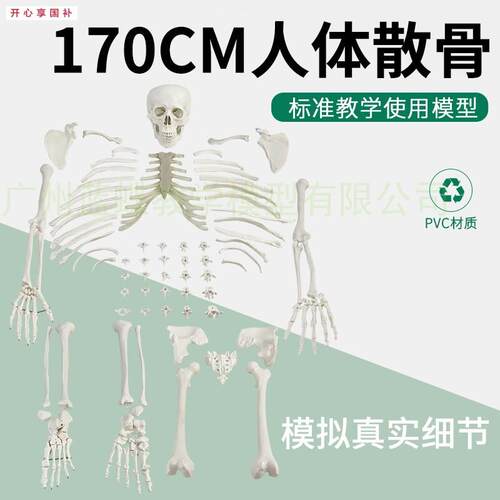 170cm成人散骨医学骨骼模型教学用游离e式人体骨架14岁以上科教模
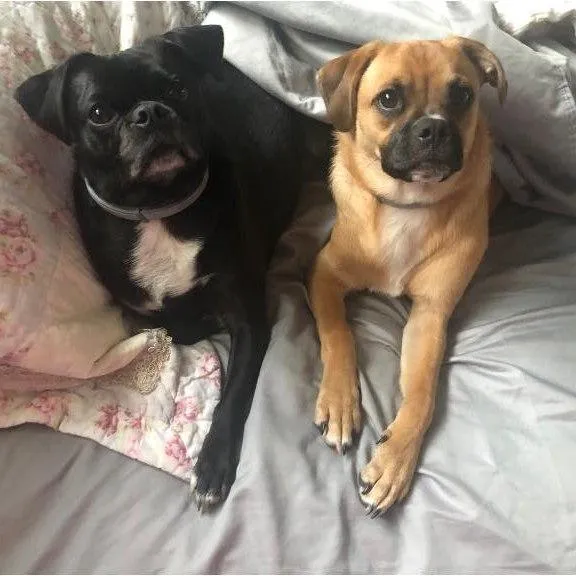 Customer’s dogs relaxing after roof replacement in Mentor, Ohio – Rockstar Roofing trusted by EMS professional Elena Caruso for storm damage repair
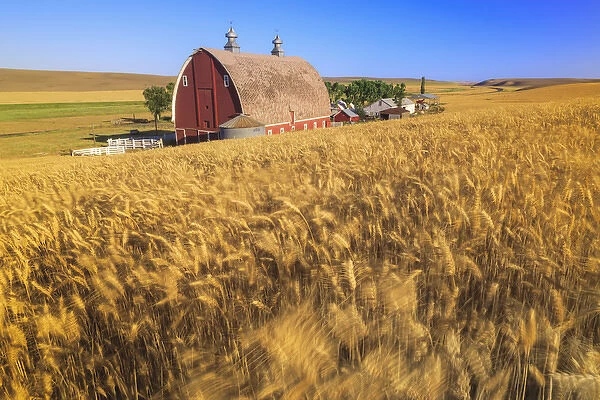 P. R. Barn, Summer Wheatfields near Sprague, Eastern Washington State, Palouse Area, USA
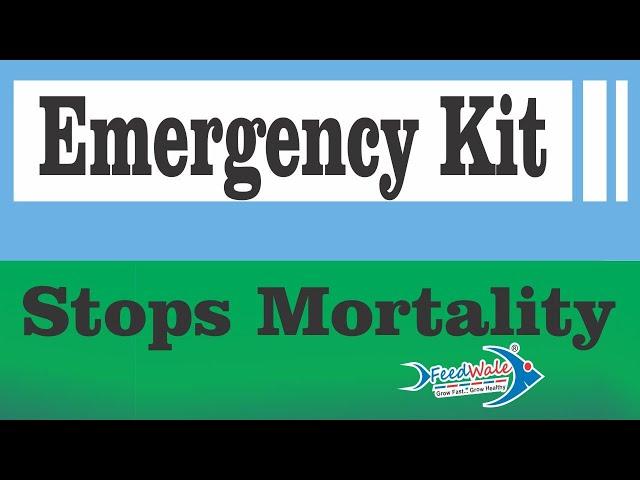 FeedWale Emergency Kit | Stops Mortality | How To Use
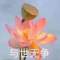 貓的樹(shù)的頭像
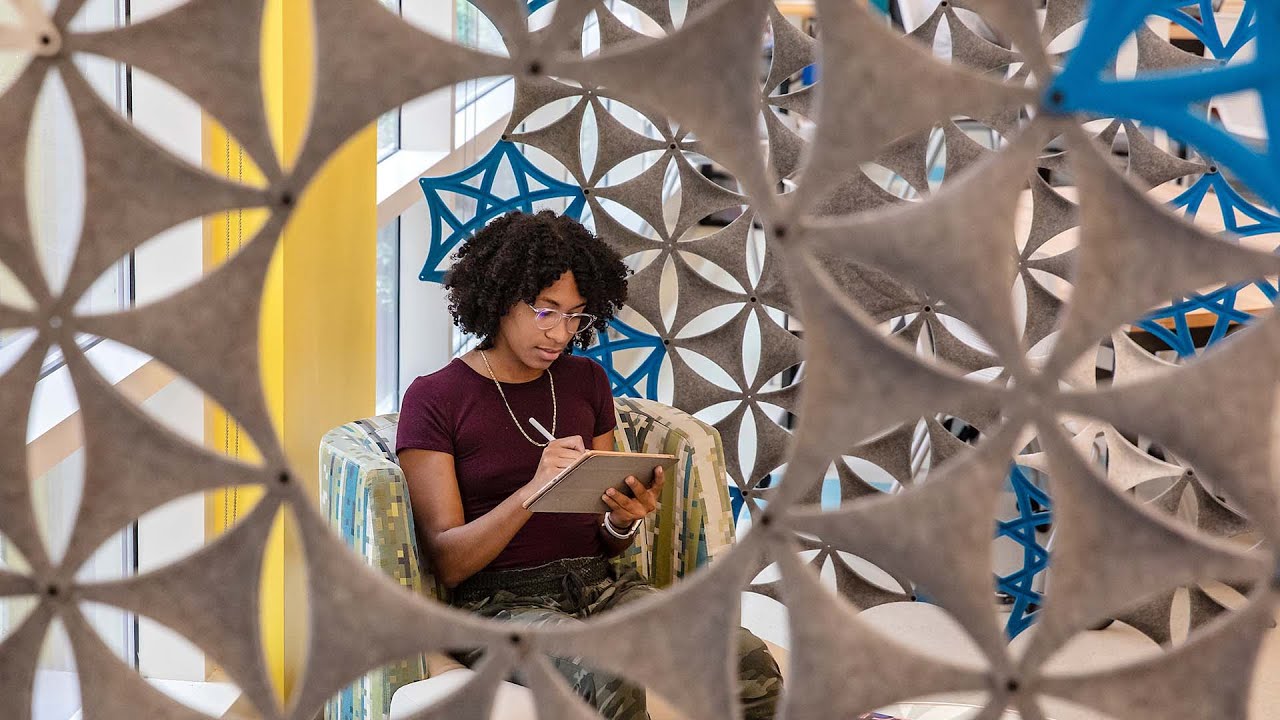 Essay Writing Workshop with Carolina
=======
> [How to complete this task] Find the line containing "FeedWale Emergency Kit" in the listing above. Restate it and every line after it, word for word, through the final line, leaving out the pictures.

> [Output]
 FeedWale Emergency Kit | Stops Mortality | How To Use
 貓的樹(shù)的頭像
 Essay Writing Workshop with Carolina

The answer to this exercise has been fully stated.